Plutarch on Isis and Osiris

© 2005 Dr. Barbara Thiering (August, 2005)

Plutarch was a Greek philosopher who lived in the latter half of the 1st century AD. His voluminous writings illustrate his immense learning, and the issues that were confronting thinkers of his day. They were the same problems that were being faced by the Jewish and Christian ascetics, coming from the east and encountering the achievements of science. All were asking themselves: but what about our traditional religions that we have believed in for thousands of years? What about ethics? How can we now explain the human condition?

Plutarch belonged in a pagan society that had for millennia settled for the myths of the gods, calling them by many different names. The myths were taught in the numerous shrines, whose priests practiced rites honoring the gods. In the hellenistic period they had become organised into mystery cults, making initiates who would never divulge their secrets, and were promised success in this life and life after death.

The most popular of these was the mystery of Isis and Osiris, of Egyptian origin. Plutarch was an admirer, giving a more edifying account of it than the one we have seen in the "The Golden Ass" in this section. His essay on Isis and Osiris takes the reader through his argument that these myths can no longer be believed in their traditional form, but they do contain much that is still valuable when better understood. They give a symbolic account of the workings of nature, and they even contain in allegorical form the truths of Pythagorean mathematics. Unconvincing as his allegories are, they illustrate the tensions of thinkers of his day, tensions that we can still recognise.

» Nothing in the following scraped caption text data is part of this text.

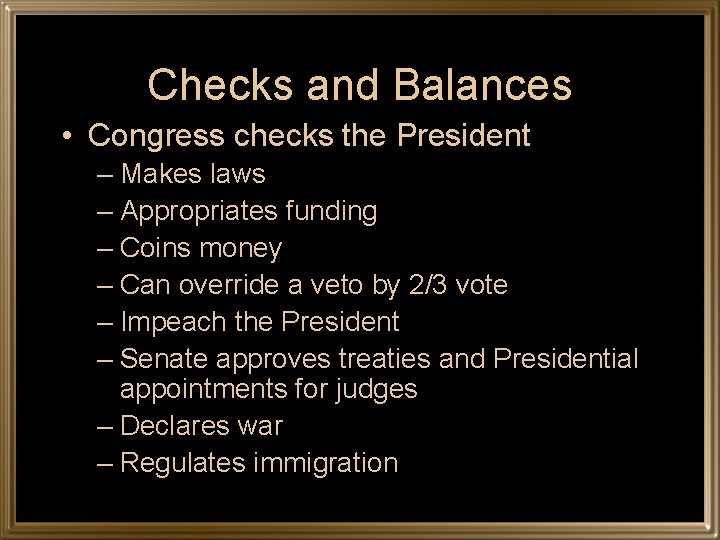 Checks and Balances • Congress checks the President – Makes laws – Appropriates funding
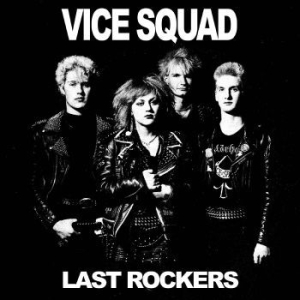 Vice Squad - Last Rockers ryhmässä VINYYLI @ Bengans Skivbutik AB (4242279)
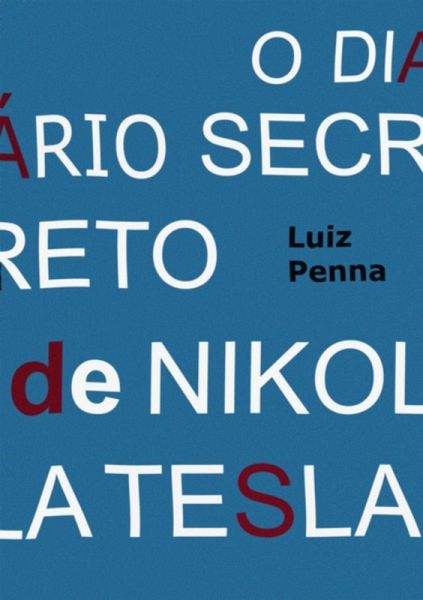 O Diário Secreto De Nikola Tesla (eBook, PDF)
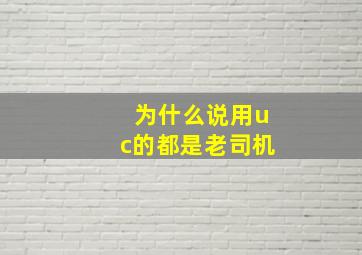 为什么说用uc的都是老司机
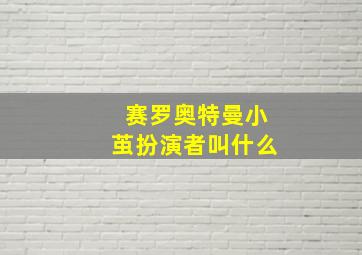 赛罗奥特曼小茧扮演者叫什么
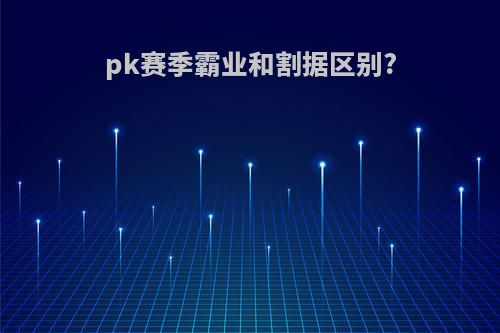 pk赛季霸业和割据区别?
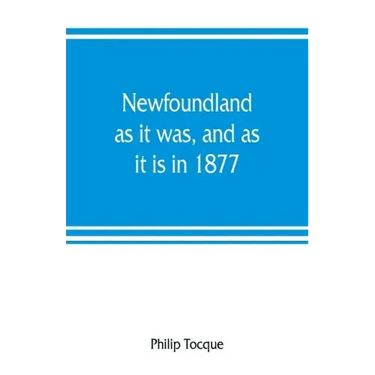 Newfoundland: as it was, and as it is in 1877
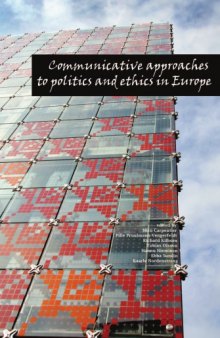 Communicative Approaches to Politics and Ethics in Europe: The Intellectual Work of the 2009 ECREA European Media and Communication Doctoral Summer School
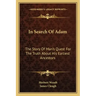 In Search Of Adam: The Story Of Man's Quest For The Truth About His Earliest Ancestors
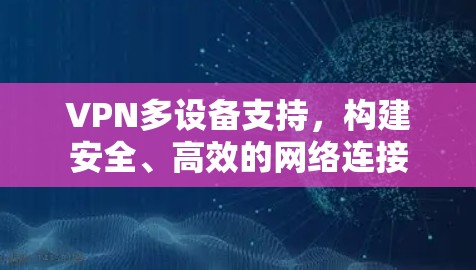 VPN多设备支持，构建安全、高效的网络连接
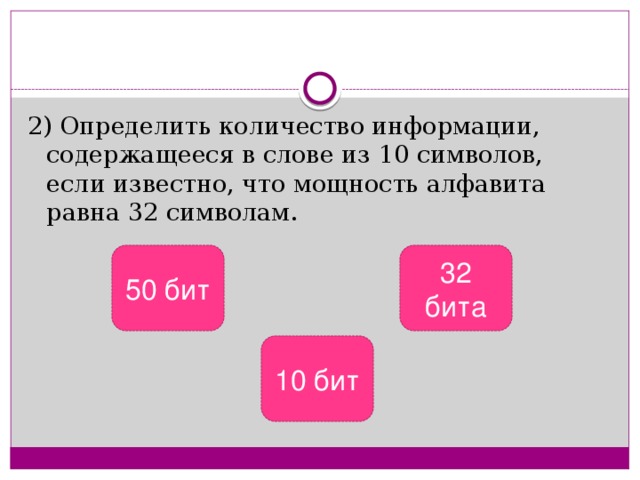 2) Определить количество информации, содержащееся в слове из 10 символов, если известно, что мощность алфавита равна 32 символам. 50 бит 32 бита 10 бит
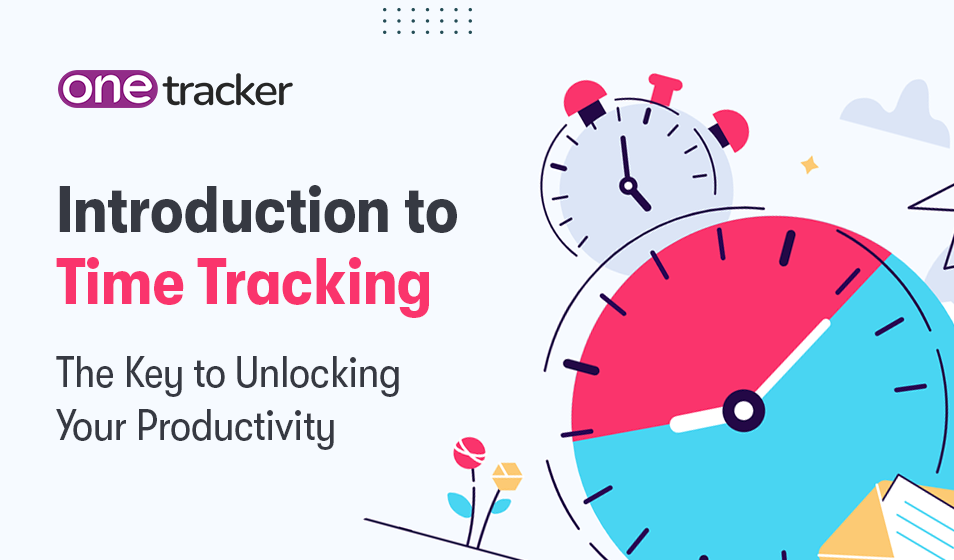 Introduction to Time Tracking: The Key to Unlocking Your Productivity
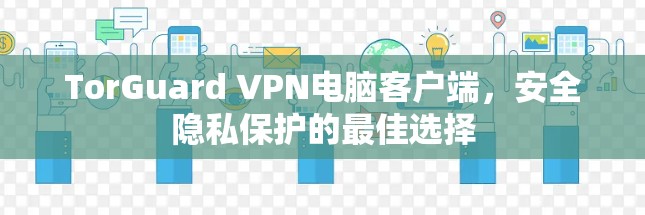TorGuard VPN电脑客户端，安全隐私保护的最佳选择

His essay was addressed to Clea, a priestess of the oracle of Delphi in Greece, who was critically inclined and apparently looked to Plutarch as her mentor. He writes to her , "Therefore, Clea, whenever you hear the traditional tales which the Egyptians tell about the must remember what has been already said, and you must not think that any of these tales actually happened in the manner in which they are related... If, then, you listen to the stories about the gods in this (allegorical) way, accepting them from those who interpret the story reverently and philosophically, and if you always perform and observe the established rites of worship, and believe that no sacrifice that you can offer, no deed that you may do will be more likely to find favour with the gods than your belief in their true nature, you may avoid superstition whch is no less an evil than atheism." (11)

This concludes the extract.